Amerykańskie fabryki znowu pracują pełną parą, a producenci starają się znaleźć pracowników. Jak szacują eksperci tempo zatrudniania w USA osiąga poziom niewidziany od dziesięcioleci.

Wrześniowy raport o zatrudnieniu pokazał, że amerykańscy producenci zatrudnili kolejnych 22 000 pracowników we wrześniu, zwiększając tym samym zatrudnienie o prawie 500 000 w ciągu ostatnich 12 miesięcy.

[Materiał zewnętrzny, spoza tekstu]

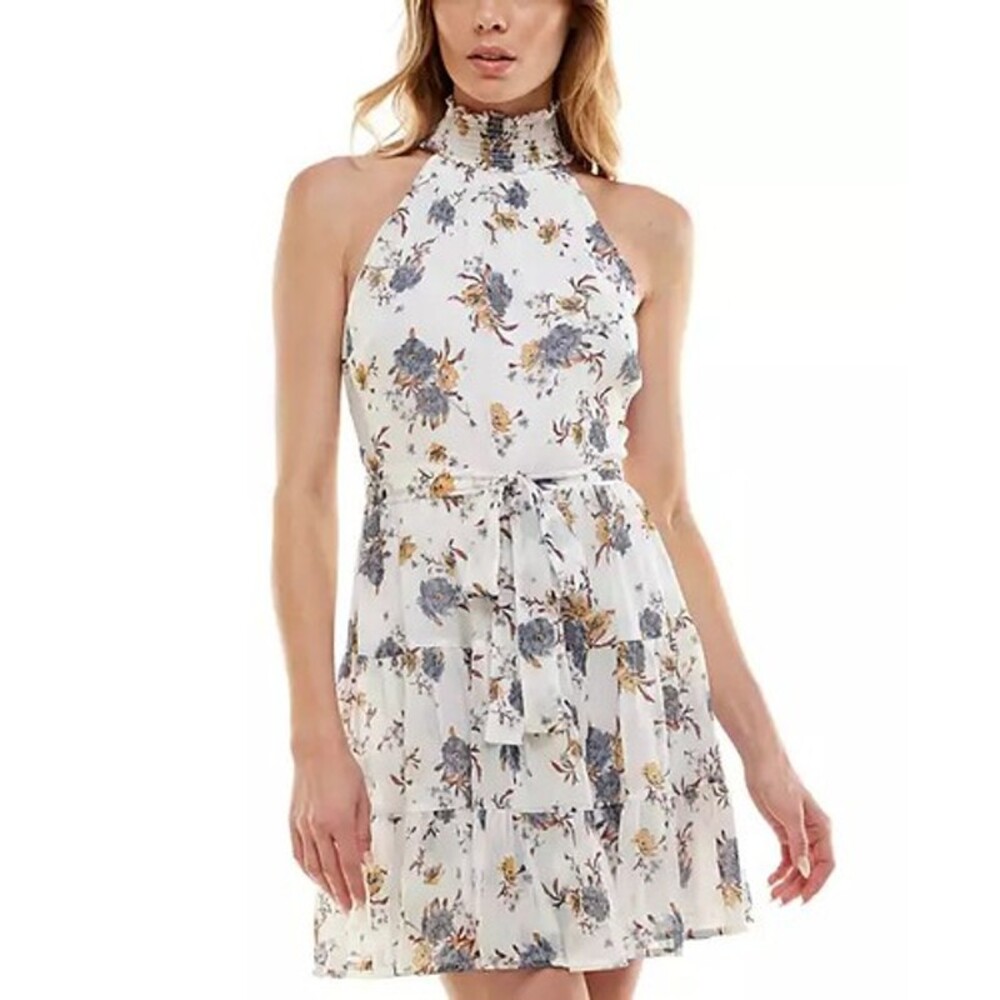 NWT Trixxi Womens Ivory Blue Floral Print Sleeveless Halter Mini Dress Size M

Prawie 13 milionów pracowników zatrudnionych w amerykańskich fabrykach stanowi największą siłę roboczą w branży od czasu Wielkiej Recesji, która kilkanaście lat temu spowodowała spadek zatrudnienia w sektorze. Zatrudnienie w przemyśle wytwórczym rośnie w tempie około 4% rocznie, co jest najszybszym trwałym tempem wzrostu od 1984 r., kiedy to sektor miał ponad dwukrotnie większy udział zatrudnieniu.
Pracodawcy twierdzą, że teraz starają się wypełnić powstałe luki w zatrudnieniu. Sektor przemysłowy, przez większą część ubiegłego roku, miał około 800 000 wakatów.

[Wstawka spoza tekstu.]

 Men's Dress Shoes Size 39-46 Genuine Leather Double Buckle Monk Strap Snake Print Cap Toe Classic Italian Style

Ponieważ łańcuchy dostaw powodują problemy w całej globalnej gospodarce, wiele amerykańskich firm, które były zależne od zagranicznych dostawców, koncentruje się na źródłach części i towarów znacznie bliżej domu.
Zazwyczaj miejsca pracy w fabrykach i produkcja odczuwają skutki spowolnienia gospodarczego, tak jak miało to miejsce podczas Wielkiej Recesji. Ale nawet przy rosnących obecnie obawach przed recesją, eksperci branżowi nie spodziewają się, że będzie to tylko chwilowa koniunktura. 
Eksperci twierdzą, że jednym z największych problemów, z jakimi borykają się producenci w przyciąganiu pracowników, jest ich postrzeganie charakteru pracy.
„Często patrzymy na obrazy produkcji i widzimy latające iskry i środowisko spawalnicze, a być może jest trochę obskurne, ciemne. Ale ogólnie rzecz biorąc, nasze dzisiejsze miejsca pracy w produkcji są zaawansowane technologicznie”- twierdzi Eric Esoda, dyrektor generalny organizacji non-profit świadczącej usługi konsultingowe i szkoleniowe dla małych i średnich producentów w północno-wschodniej Pensylwanii.
Obecnie mniej niż 10% miejsc pracy w sektorze prywatnym znajduje się w przemyśle wytwórczym, w porównaniu z ponad 40% pod koniec II wojny światowej. Ale nadal jest to kluczowy sektor gospodarki, który płaci znacznie lepiej niż wiele innych. Departament Pracy informuje, że średnia tygodniowa płaca w produkcji wynosi 1 250 USD lub 65 000 USD rocznie - o 11% więcej niż w sektorze prywatnym ogółem i 81% więcej niż w handlu detalicznym.